Transforming Seminarian has a nice post up on Less-Than-Perfect Weddings. If you have a wedding or other large event coming up, I'd recommend reading it - regardless of whether you'll be a participant or just a spectator. At least, I found myself nodding along and thinking, Exactly, at several points in there.
When the Beautiful Wife and I decided to get married, we were pretty clear on several things. Chief among them was the fact that the wedding is not the marriage; it's just a formal announcement to the community. So it really didn't need to be a big, fancy event, and it really didn't need to be stressful. (We did, however, decide to write our own vows - if I can find those, I may post them later.)
So we sat down and worked out who all we wanted to invite. And it was a pretty short list: My parents, the Beautiful Woman's parents, my brother and his girlfriend, the Beautiful Woman's sister and her boyfriend. Add the minister (a friend of the Beautiful Woman's mother) and her husband, plus the two of us, and you get a total of twelve people.
Oh, and the Beautiful Woman wanted to include one of her aunts. The aunt in question had been friendly and supportive and had done some really nice things for us, so this was understandable. Of course, if we were going to invite her, we'd need to invite her husband... and her kids... and, well, probably the other aunts and uncles and cousins on both sides of the family... and the remaining grandparents...

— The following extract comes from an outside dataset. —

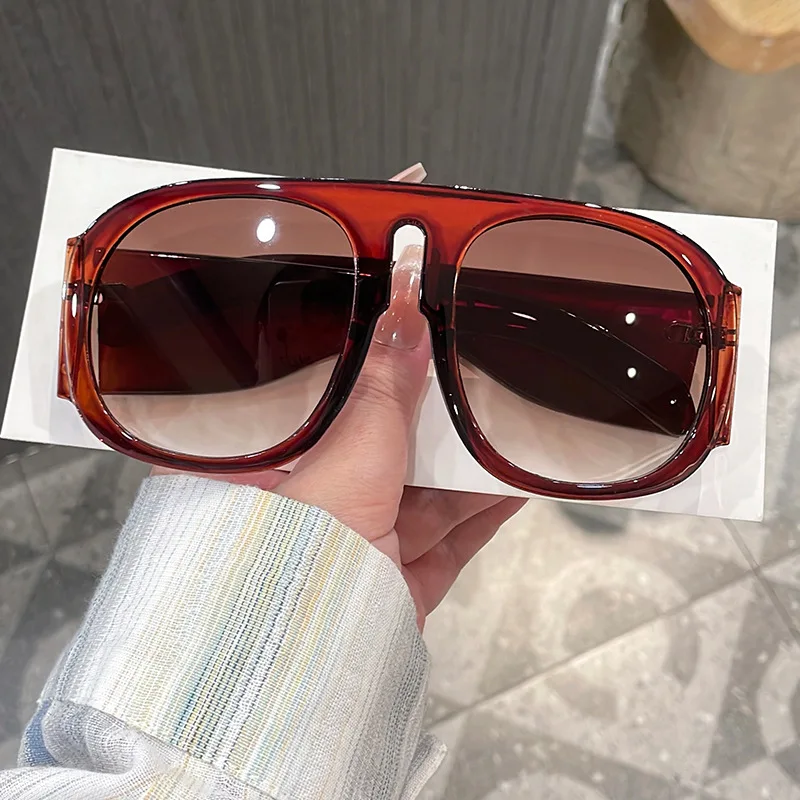Vintage Luxury Brand Designer  - Vintage Fashion Enthusiasts 评论和价格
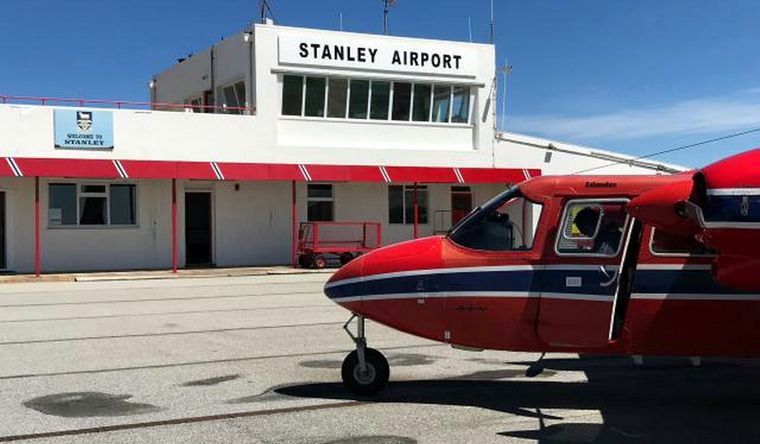 La aeronave británica está asentada en las Malvinas e hizo dos vuelos recientes desde el aeropuerto local. Foto: Ecotours.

A few weeks later we sent out one hundred and fifty-someodd invitations. Our twelve-person wedding was actually attended by about ninety people. And all this because of one aunt that we just couldn't leave out.
I'm not complaining. The wedding was fine, and we were just as married afterwards as we would have been with a small ceremony. But it's an almost perfect real-world example of the Butterfly Effect, and it never fails to amuse me.
There were some funny moments at the reception, also, but I'll tell those stories later (when I have more time).